Over the last couple weeks, a colleague and I have been trying to clean up the cable mismanagement behind our racks. To work on the equipment you’re literally standing on about 1 feet of coiled cable mess. This issue has probably been there over the last several years and nobody has paid much attention to it. Likely because it does not affect the actual functioning of the equipment? And also, this is painstakingly unrewarding work.

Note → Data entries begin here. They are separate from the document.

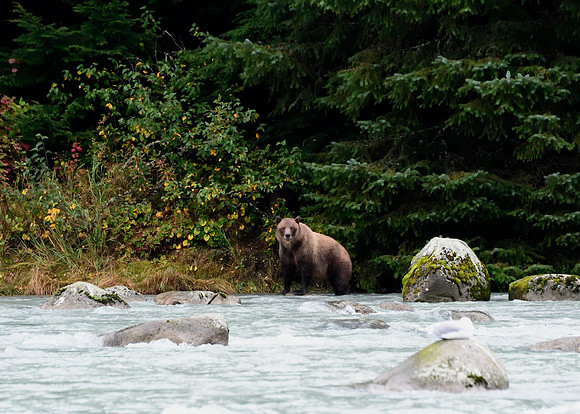 Alaska2016_LAK1363c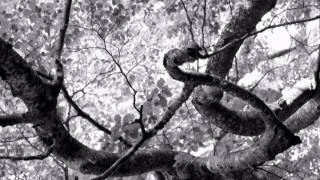 Video thumbnail of "Roberto Dalla Vecchia "Whispering Grove""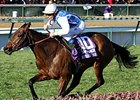 Goldikova will try for number 4 in the Breeders' Cup Mile<br><a target="blank" href="http://www.bloodhorse.com/horse-racing/photo-store?ref=http%3A%2F%2Fpictopia.com%2Fperl%2Fgal%3Fprovider_id%3D368%26ptp_photo_id%3D9268005%26ref%3Dstory">Order This Photo</a>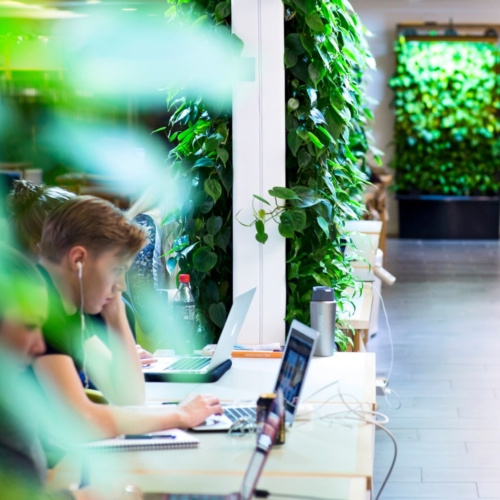 Naava Healthtech Green Wall - 0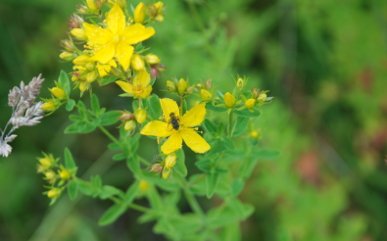 St Johns Wort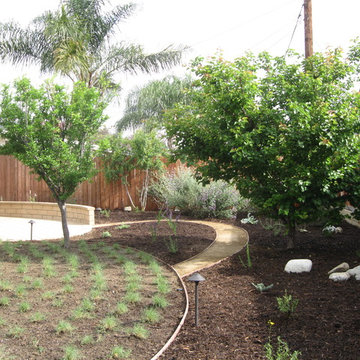 Drought Tolerant Back Yard Garden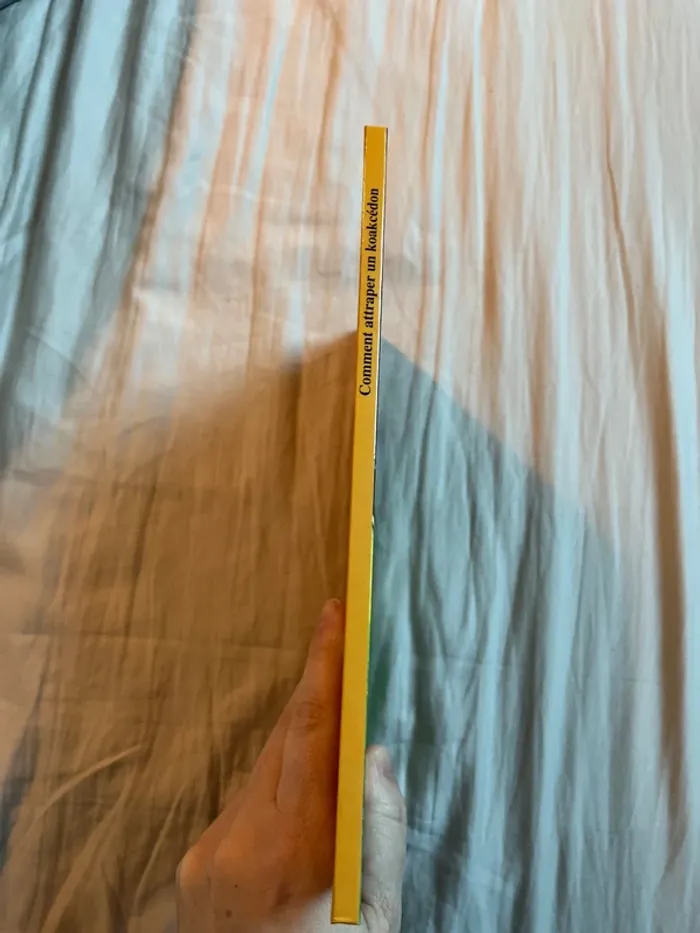 Comment attraper un koakcédon - photo numéro 3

Every single day we’ve been behind those racks, we keep thinking - why would someone leave so much of surplus cable and more importantly leave it so disorganized? I believe the reasons are multi-fold. Experience (or lack thereof), workmanship issues, time constraints, personnel turnovers and culmination of several unintentional judgement calls is what comes to mind. And then it also strikes me that I’m probably making a heavy judgement without having exposure to the situation my predecessors were dealing with? There was probably a solid reason why they had left so much slack in the cable. We will never know. Ultimately we’re here and we’re working on this ‘mess’. A few years down the lane my successors would probably think why the cables were so short and didn’t have much surplus. I guess you just take a call on what’s right at this moment and hope it works for the next few years…
In work environments where there’s heavy turnover - either because of the nature of the job or because of the team dynamics, how do you set the bar for quality workmanship?